The originations of both parties should remind Nigerians that their much-awaited milk and honey will never come from either party. For instance, the PDP was conceived to defraud this country and enrich a selected political upper-class—largely, those connected with second republic politicians and their allies in the defense sector. Consequently, the APC was established with one major motive—to remove Jonathan, who became a distraction and a pain to the elite and the draconian political godfathers. In essence, the APC and the PDP parties have accomplished their objectives and will never offer anything new. Both parties are essentially hopeless and politically dangerous in building any path to Nigeria’s democracy.

The formation of the People’s Democratic Party (PDP) in 1998 was convenient because Nigerians were struggling under the protracted military dictatorship of Gen. Sani Abacha, who vowed to stay put. Abacha’s untimely death in June 1998 signaled the end of 16 years of military rule; the interim government proposed holding an election the following year.

The PDP won the people’s hearts because it was primarily formed by members of numerous groups and organizations who were very vocal about the outgoing junta regime. The party also floated an ideology that reflected a broader political base, supported economic deregulation and human rights, and advocated greater funding for health care and education.

It didn’t stop there; the PDP boosted its favorability when it created an unofficial policy of rotating the presidency between candidates from the predominantly Christian south and the Muslim north. They actually lived up to that promise. After the regime of Olusegun Obasanjo and Atiku Abubakar, the party candidates were Umaru Musa Yar’Adua, a Muslim and the governor of the northern state of Katsina, and Goodluck Jonathan, a Christian and the governor of the southern state of Bayelsa.

Jonathan’s first misstep was boldly alienating some of his political godfathers, including a former President who was somehow instrumental in his rise to the presidency, retired Gen. Olusegun Obasanjo. Obasanjo went after Jonathan in sheer retaliation and fired off an 18-page public letter in 2013 containing lacerating criticism of his regime. He also categorically stated that it would be “morally flawed” for Jonathan to run for re-election in 2015.

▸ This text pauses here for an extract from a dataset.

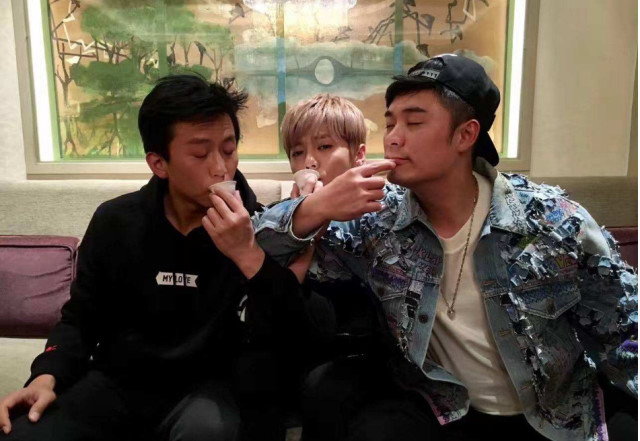 鹿晗打球换鞋,关晓彤帮忙系鞋带,安静的像一个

A massive growing antagonism over Jonathan led to the unification of Nigeria’s three biggest opposition parties, and ultimately a merger; the Action Congress of Nigeria (ACN), the Congress for Progressive Change (CPC), and the All Nigeria Peoples Party (ANPP) became the All Progressives Congress (APC).

The APC executed two campaign strategies. The first was concocting and infiltrating the system with a collection of conspiracy theories to derail Jonathan’s popularity and suppress PDP’s control. Then they showcased a fabricated campaign agenda and wooed the vulnerable masses with thousands of inconceivable campaign promises. In addition to deceiving the youth with fake promises of education and employment opportunities, the desperate APC campaigned on complete system restructuring, total obliteration of terrorist insurgencies within months, and transforming the country’s currency, Naira, to have equal value with the dollar. This is how Nigeria got to its present governance uncertainty.

The political implications of the dysfunctional power control by the APC and the PDP is that the nation of Nigeria is in trouble. Here is why—for over 23 years, the PDP and the APC have been the epicenters of the downfall of Nigeria at all levels of governance. Today, after almost seven years of ruling, the APC has dragged Nigeria into a near economic depression. The bad news is that the same APC is scheming to remain in power without any blueprint to fix the system failure it has been facilitating.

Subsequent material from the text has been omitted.